Creating A Feed Reader Applet

For each of the steps in this tutorial, there is a corresponding applet file, so you can load the applet and play with just the behavior in that step.

Step 1: The Basics First

Creating a basic feed reader applet requires only two receptors:

Feed Reader
Carrier List Viewer

In the HOPE IDE, select the Carrier List Viewer and the Feed Reader receptors and click the Add button:

This creates two receptors on the HOPE surface, as well as an un-initialized viewer:

Double-clicking on the Carrier List Viewer brings up its configuration UI:

Enter "Code Project" for the window name and select the semantic type RSSFeedItem, as we want to be displaying feed items emitted by the feed reader. When we save the configuration, notice that the list viewer's columns are now configured based on the selected semantic type:

Also notice that the surface now shows the two receptors to be interacting with each other. From the View menu, we'll select "Show Semantics" to see what the protocols are, thus revealing:

We want to disable the RSSFeedUrl signal from being emitted by the carrier list viewer. Why? Because later, when we interact with the List Viewer by double-clicking on a feed item to display it in a browser page, we don't want the feed URL to be sent to the Feed Reader, which would re-trigger a read operation (the Feed Reader can receive this semantic structure, aka protocol, as a way to programmatically trigger the Feed Reader.)

To disable this protocol, right-click on the Carrier List Viewer and uncheck the protocl RSSFeedUrl:

We now see that this protocol is no longer being received by the Feed Reader:

Now let's configure the Feed Reader receptor.
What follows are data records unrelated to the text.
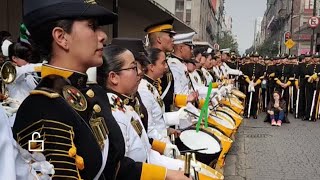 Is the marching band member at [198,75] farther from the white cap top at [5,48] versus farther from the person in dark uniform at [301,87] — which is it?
the person in dark uniform at [301,87]

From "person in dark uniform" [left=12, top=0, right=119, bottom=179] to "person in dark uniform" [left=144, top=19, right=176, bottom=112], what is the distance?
2.89 metres

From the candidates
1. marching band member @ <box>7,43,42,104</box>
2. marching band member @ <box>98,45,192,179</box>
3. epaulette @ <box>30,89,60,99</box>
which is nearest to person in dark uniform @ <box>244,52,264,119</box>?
marching band member @ <box>7,43,42,104</box>

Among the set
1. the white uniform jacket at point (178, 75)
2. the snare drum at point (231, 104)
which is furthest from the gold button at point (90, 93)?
the snare drum at point (231, 104)

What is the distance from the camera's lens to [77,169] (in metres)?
1.68

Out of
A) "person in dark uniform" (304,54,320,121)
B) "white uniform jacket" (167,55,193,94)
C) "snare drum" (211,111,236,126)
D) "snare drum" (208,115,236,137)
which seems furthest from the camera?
"person in dark uniform" (304,54,320,121)

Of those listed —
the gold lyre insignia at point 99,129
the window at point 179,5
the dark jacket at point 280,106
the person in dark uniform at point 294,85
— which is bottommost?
the dark jacket at point 280,106

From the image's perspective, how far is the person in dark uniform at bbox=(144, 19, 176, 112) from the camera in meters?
4.88

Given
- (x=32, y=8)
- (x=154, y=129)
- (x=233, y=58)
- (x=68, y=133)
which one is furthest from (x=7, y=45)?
(x=233, y=58)

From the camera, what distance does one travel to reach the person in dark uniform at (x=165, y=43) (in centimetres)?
488

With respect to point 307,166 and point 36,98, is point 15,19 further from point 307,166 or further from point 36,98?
point 36,98

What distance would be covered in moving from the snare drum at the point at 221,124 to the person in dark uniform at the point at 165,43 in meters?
0.50

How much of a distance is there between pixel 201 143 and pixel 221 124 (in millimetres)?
1147

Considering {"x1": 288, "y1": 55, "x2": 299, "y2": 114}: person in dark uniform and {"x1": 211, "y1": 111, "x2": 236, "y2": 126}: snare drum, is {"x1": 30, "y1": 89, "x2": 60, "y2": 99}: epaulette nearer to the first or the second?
{"x1": 211, "y1": 111, "x2": 236, "y2": 126}: snare drum

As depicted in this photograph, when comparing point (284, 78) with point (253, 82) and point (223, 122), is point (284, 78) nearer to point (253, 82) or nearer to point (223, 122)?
point (253, 82) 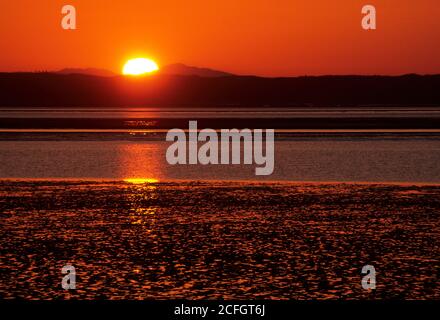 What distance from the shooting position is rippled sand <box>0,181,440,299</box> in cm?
1299

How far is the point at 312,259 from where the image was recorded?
49.7 feet

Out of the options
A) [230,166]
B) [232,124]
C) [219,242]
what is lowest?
[219,242]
Double-click on it and enter the URL for the Code Project Article feed (http://www.codeproject.com/WebServices/ArticleRSS.aspx):

Click on Save, and notice that, after a few seconds, the list view populates with the items in the feed. You will see the items sent to the list viewer is as little red triangles:

And observe the items in the List Viewer:

This applet is saved as "Step 1 - The Basics" and, whenever you load it into the HOPE IDE, it will re-acquire the feed and display the articles.
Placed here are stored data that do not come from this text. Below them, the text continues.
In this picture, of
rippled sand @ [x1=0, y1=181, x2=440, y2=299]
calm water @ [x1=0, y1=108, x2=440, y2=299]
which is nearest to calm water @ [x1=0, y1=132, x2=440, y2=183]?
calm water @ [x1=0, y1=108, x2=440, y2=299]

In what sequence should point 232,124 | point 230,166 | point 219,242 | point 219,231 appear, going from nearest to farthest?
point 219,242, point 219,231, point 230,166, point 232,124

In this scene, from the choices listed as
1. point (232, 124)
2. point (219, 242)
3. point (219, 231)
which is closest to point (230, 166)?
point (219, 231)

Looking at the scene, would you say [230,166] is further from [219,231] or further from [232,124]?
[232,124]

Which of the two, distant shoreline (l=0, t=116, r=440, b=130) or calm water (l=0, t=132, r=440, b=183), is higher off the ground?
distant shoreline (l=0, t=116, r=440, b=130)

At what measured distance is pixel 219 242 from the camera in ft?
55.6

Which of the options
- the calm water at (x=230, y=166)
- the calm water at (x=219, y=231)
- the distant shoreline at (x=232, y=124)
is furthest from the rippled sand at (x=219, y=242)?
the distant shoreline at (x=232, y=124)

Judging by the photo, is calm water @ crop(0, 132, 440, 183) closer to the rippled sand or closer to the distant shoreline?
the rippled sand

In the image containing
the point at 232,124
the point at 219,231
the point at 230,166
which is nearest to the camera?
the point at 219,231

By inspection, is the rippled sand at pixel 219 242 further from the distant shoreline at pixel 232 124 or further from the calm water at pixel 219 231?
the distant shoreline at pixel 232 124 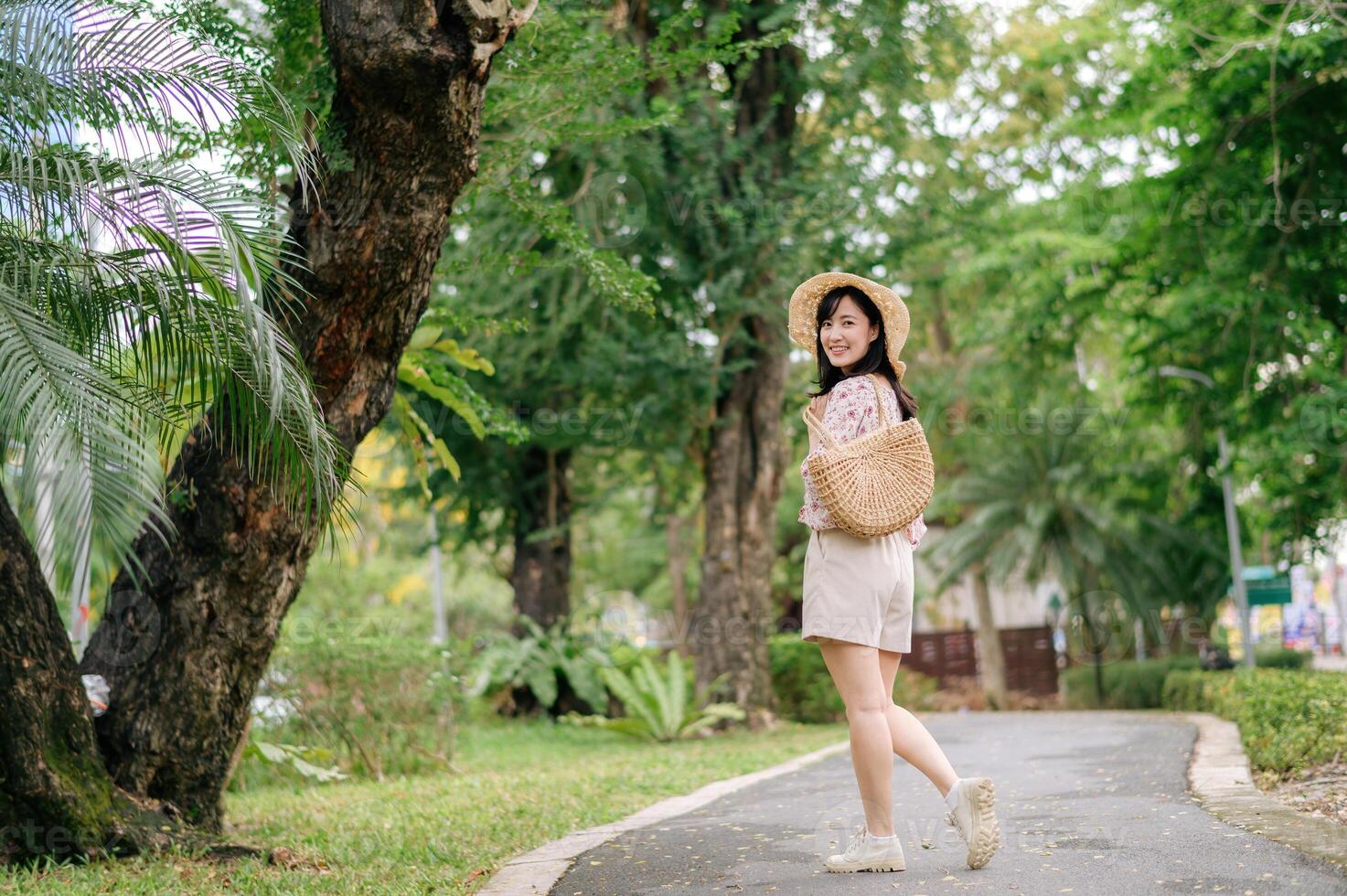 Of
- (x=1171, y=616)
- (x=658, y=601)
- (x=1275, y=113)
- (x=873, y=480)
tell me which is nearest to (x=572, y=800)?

When you work with semantic structures, you gain a lot of flexibility in the ways data can be presented. One of the simplest options is to inspect a particular sub-type of a semantic structure. For example, we can configure the Carrier List Viewer to respond to any other protocol in the RSSFeedItem semantic structure. If we want to view only RSS Titles, which is one of the semantic structure of which RSSFeedItem is composed, simply change the semantic type to "RSSFeedTitle":

Now, when we receive feeds, we only see their titles:

We will take advantage of this capability later on when we create custom ontology queries (a fancier word than "relationships" or "table joins", and in my opinion, more accurate when dealing with a semantic database, and besides, I enjoy creating buzzword bingo terms as much as the next guy.)

Behind the Scenes

The Feed Reader

The feed reader reads the feed asynchronously, returning a SyndicationFeed object:

protected async Task<SyndicationFeed> GetFeedAsync(string feedUrl)
{
  CreateCarrier("LoggerMessage", signal => 
  {
    signal.TextMessage.Text.Value = "Acquiring feed " + feedUrl + ".";
    signal.MessageTime = DateTime.Now;
  });

  SyndicationFeed feed = await Task.Run(() =>
  {
    // To handle this error:
    // For security reasons DTD is prohibited in this XML document. To enable DTD processing set the DtdProcessing property on XmlReaderSettings to Parse and pass the settings into XmlReader.Create method.
    XmlReaderSettings settings = new XmlReaderSettings();
    settings.XmlResolver = null;
    settings.DtdProcessing = DtdProcessing.Ignore;

    XmlReader xr = XmlReader.Create(feedUrl);
    SyndicationFeed sfeed = SyndicationFeed.Load(xr);
    xr.Close();

    return sfeed;
  });

  CreateCarrier("LoggerMessage", signal =>
  {
    signal.TextMessage.Text.Value = "Feed " + feedUrl + " has " + feed.Items.Count().ToString() + " items.";
    signal.MessageTime = DateTime.Now;
  });

  return feed;
}

You'll note some logging messages as well. Once the reader acquires the items, it creates carriers with the RSSFeedItem protocol and populates the signal with the syndication feed items:

protected void EmitFeedItems(SyndicationFeed feed, int maxItems = Int32.MaxValue)
{
  // Allow -1 to also represent max items.
  int max = (maxItems == -1 ? feed.Items.Count() : maxItems);
  max = Math.Min(max, feed.Items.Count()); // Which ever is less.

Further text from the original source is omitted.